Sous son leadership, la banque innove également sur les produits : crédit-bail, affacturage, agency banking et solutions de finance inclusive destinées à toucher davantage de TPE/PME, d’acteurs du tourisme, de manufacturiers et de jeunes porteurs de projets. Une dimension RSE assumée s’ajoute à ce dispositif, avec des interventions ciblées dans la santé, l’éducation et l’emploi des jeunes, en cohérence avec la vocation de banque de développement.

Un leadership salué par ses pairs et ses équipes

La trajectoire de Thierno Seydou Nourou Sy à la tête de la BNDE suscite un rare consensus.

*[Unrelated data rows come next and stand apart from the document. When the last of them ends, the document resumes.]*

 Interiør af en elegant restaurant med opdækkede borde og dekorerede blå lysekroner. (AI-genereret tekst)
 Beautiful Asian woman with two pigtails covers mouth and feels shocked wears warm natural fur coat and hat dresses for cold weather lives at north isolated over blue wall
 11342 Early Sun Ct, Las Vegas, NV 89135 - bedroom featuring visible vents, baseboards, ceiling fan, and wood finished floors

Le conseil d’administration, l’actionnaire public et les partenaires internationaux saluent une « dynamique constructive et inclusive » au service des entreprises sénégalaises, qui a permis à la banque de gagner rapidement en crédibilité auprès d’institutions comme la BOAD ou Afreximbank.

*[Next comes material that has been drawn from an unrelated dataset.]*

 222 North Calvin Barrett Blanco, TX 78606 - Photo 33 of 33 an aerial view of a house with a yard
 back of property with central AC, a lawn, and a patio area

En interne, ses collaborateurs le décrivent comme un « architecte » qui a bâti patiemment l’édifice BNDE, « brique par brique », combinant exigence technique, sens de la décision et capacité à écouter, à se remettre en question et à faire émerger les meilleures idées, y compris lorsqu’elles ne viennent pas de lui. Lors de son départ à la retraite en mars 2023, après dix ans comme premier directeur général de la BNDE et plus de 35 ans de carrière bancaire, le personnel lui rend hommage comme à un « banquier émérite » et une « référence » du secteur.

Une voix forte dans le débat sur la souveraineté économique

La retraite n’a pas mis fin à son engagement. Devenu une référence morale et intellectuelle du monde bancaire sénégalais, Thierno Seydou Nourou Sy intervient désormais dans le débat public à travers des tribunes et analyses très suivies. Dans une récente contribution, il appelle à mobiliser pleinement le système bancaire national comme levier de sortie de crise et de relance, dans un contexte de forte tension sur la dette, de déficits jumeaux et d’érosion de la confiance des partenaires.

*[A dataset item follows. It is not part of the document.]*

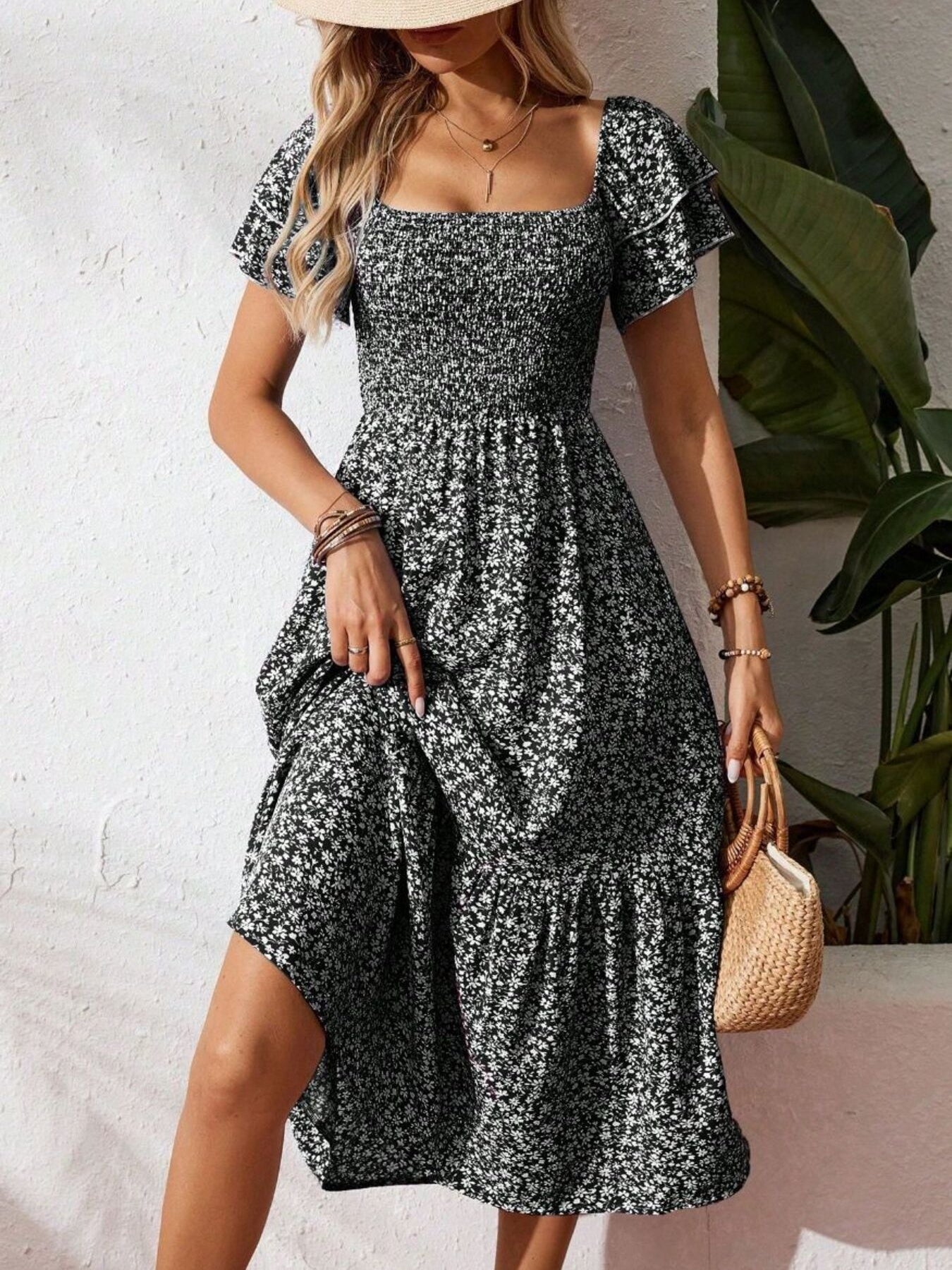 Black floral smocked midi dress with ruffle sleeves and tiered skirt.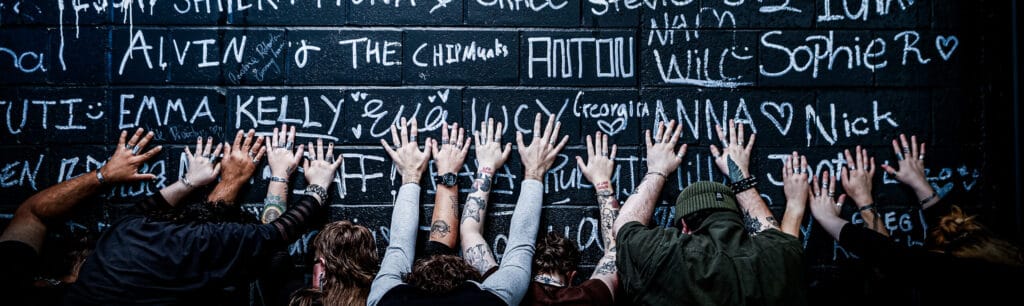 a group photo from a brand photoshoot where 7 people are reaching up and placing their hands on a brick graffiti wall to show the rings on their fingers.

Dans un autre texte, il rappelle que la crise que traverse le Sénégal « n’est pas une singularité », mais s’inscrit dans des cycles déjà expérimentés par d’autres nations, dont l’expérience doit servir de boussole pour renforcer la résilience et éviter les erreurs du passé. Son regard, nourri par des décennies de pratique bancaire et de gestion des risques, plaide pour une lucidité méthodologique sur la dette, une meilleure utilisation des marges locales de financement et une gouvernance renforcée des institutions financières.

Parallèlement, il met son expérience au service du conseil stratégique à travers Nourou Financial Consulting (NFC), structure basée à Dakar qui se positionne sur l’accompagnement des entreprises, institutions et États dans la structuration de financements, la gestion des risques et la réflexion sur la souveraineté financière.

Un héritage vivant pour la finance sénégalaise

De la Bourse de Paris à la BNDE, en passant par CBAO, BST, BIM, Coris Bank et BIA Niger, la trajectoire de Thierno Seydou Nourou Sy est celle d’un bâtisseur de confiance et d’institutions. Elle illustre ce que peut produire, pour un pays comme le Sénégal, la rencontre entre expertise technique, vision stratégique et sens du service public.

Son héritage est double : une banque de développement devenue acteur systémique du financement de l’économie sénégalaise, et une génération de professionnels de la finance formés à l’école de l’exigence, de la rigueur et de l’humilité. À l’heure où le pays cherche de nouveaux chemins de souveraineté économique, la voix de ce banquier émérite (désormais plus libre, parce que dégagée des contraintes de fonction) restera, sans doute, l’une des plus écoutées.